Glimpses of the websites run by the Contrade di Siena: Thin description and phenomenological traditions (original) (raw)
2023, XXXIII Congresso Geografico Italiano: Geografie in Movimento
In 2013 John L. Jackson published Thin Description, a book in which he shakes up the principles of creating ethnographies that have been practised in empirical cultural studies since the 1970s. Jackson attacks what Geertz (1973) called «thick description» – a method of extensive data collection and of presenting that data by providing an interpretative deep and rather coherent ethnography – as inappropriate both for capturing most contemporary social-cultural phenomena and for making self-reflexive scientific analysis after the reflexive turn in cultural anthropology. The latter trend entered the ethnographic mainstream through the anthology Writing Culture, first published in 1986 and edited by Clifford and Marcus.
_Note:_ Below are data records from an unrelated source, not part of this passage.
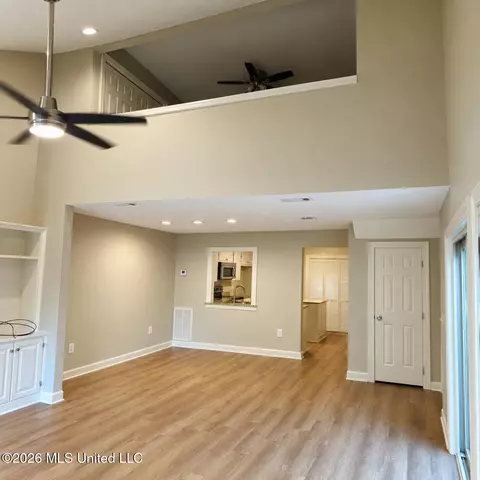 Living - 408 River Pl, Jackson, MS 39211 photo 4 of 6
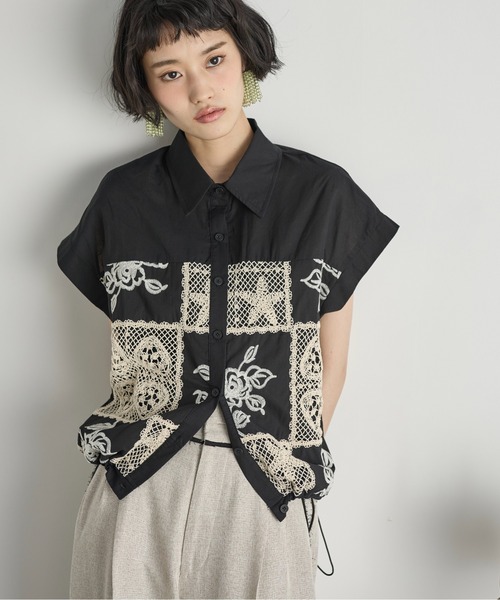 THE YOn(ザヨン)の「パッチワーク刺繍ドロストヘムフレンチスリーブシャツ(シャツ/ブラウス・レディース・ブラック/オフホワイト・FREE)」の21枚目の写真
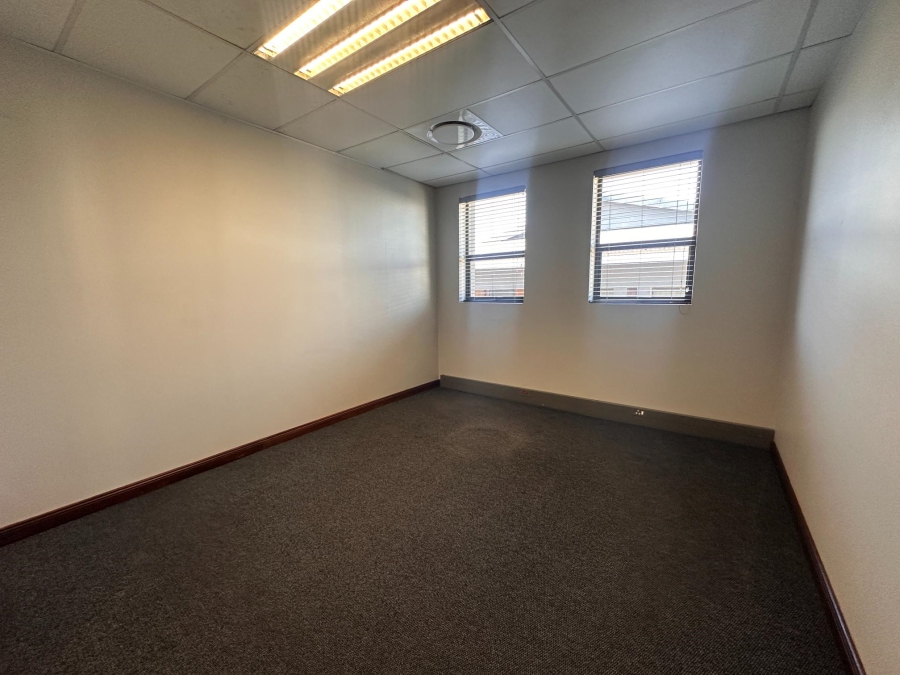 To Let Commercial Property for Rent in Ben Fleur Mpumalanga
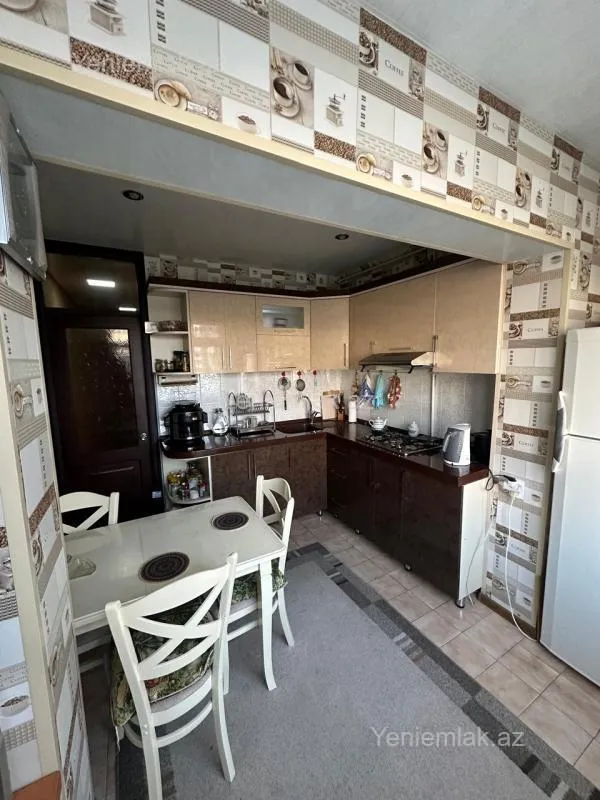 Satılır 3 otaqlı köhnə tikili 90 m²
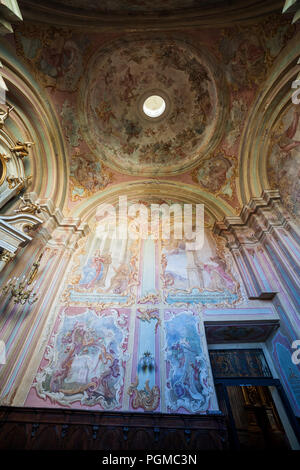 St. Anna Kirche Seite Kapelle mit barocken Fresken an der Wand und Decke mit Kuppel in Warschau, Polen Stockfoto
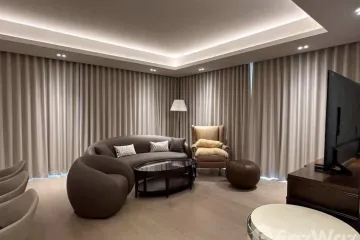 2 Bedroom Condo for rent in Tonson One Residence, Lumpini, Bangkok near BTS Ploen Chit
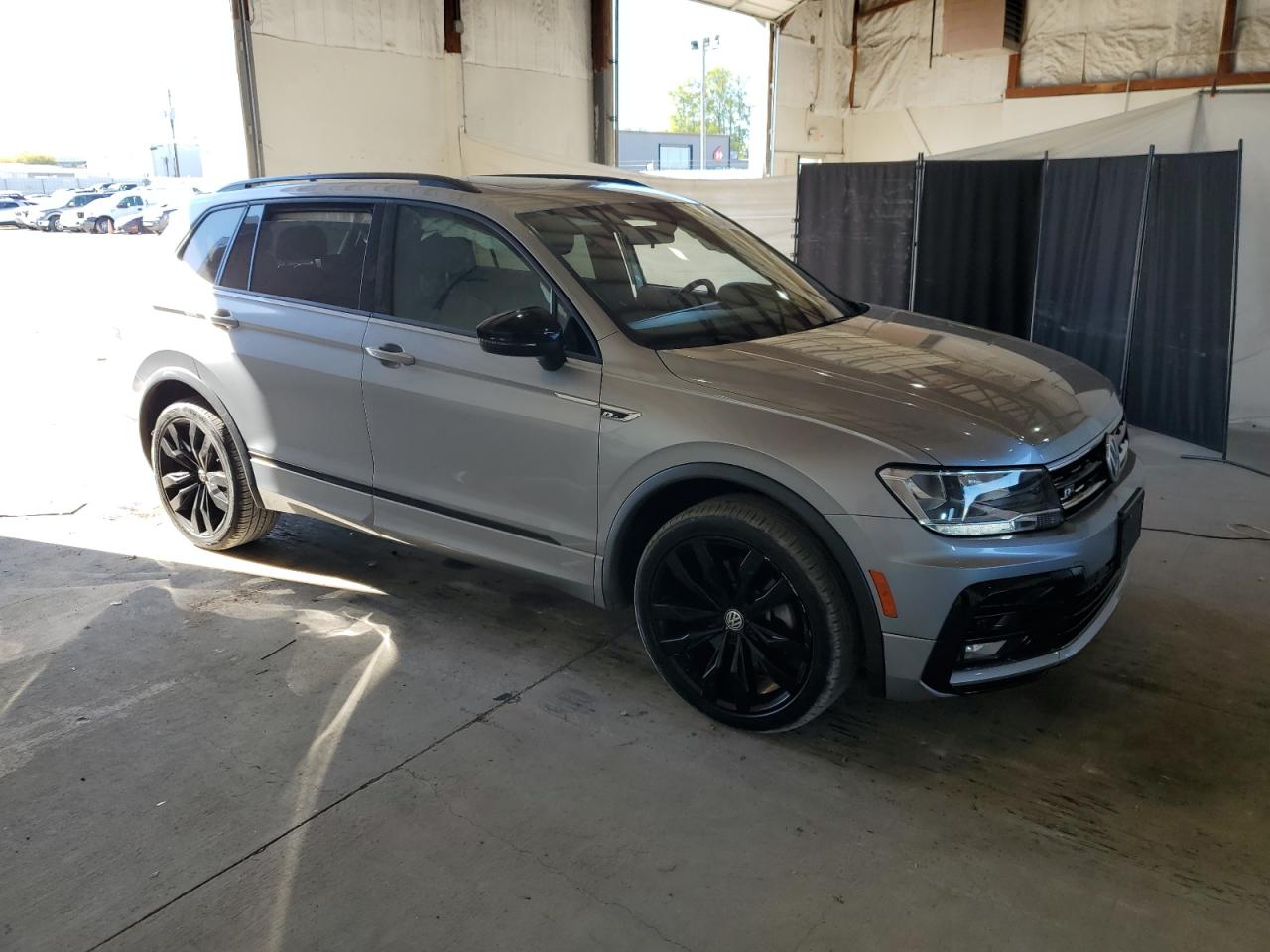VOLKSWAGEN TIGUAN SE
In what he calls «thin description» Jackson, indeed, provides a meticulous and illuminating description of the lifeworld and network-like organisation of the African Hebrew Israelites of Jerusalem (AHIJ), a digitally active transnational religious community whose most prominent members emigrated from Chicago, USA, to Dimona, Israel, in the 1960s. His descriptions are episodic, yet have profound theoretical underpinnings and are based on several years of field research. Jackson sees contradictory narratives as a constitutive part of the described community. Because of the network-like and fragmented modality of description, Jackson sees episodic thin description as particularly suited to analysing communities in today’s digital age. At the same time he warns against falling prey to the hubris of proclaiming definitive structures of meaning that would be unconscious to the people under research (Jackson, 2013, pp. 13-14), such that he believes thick description would suggest. He describes thick description as a futile pursuit for coherence and wholeness that, at least in today’s digitally-networked communities, does not exist. Jackson rightly points out that social and cultural scientists can only provide glimpses or slices of the phenomena they study, as these are constantly changing due to their inherent historicity. Thus, we may ask: can Jackson’s proposal of thin descriptions enrich cultural-geographical analyses of places and the communities associated with them? Or even replace the thick description method?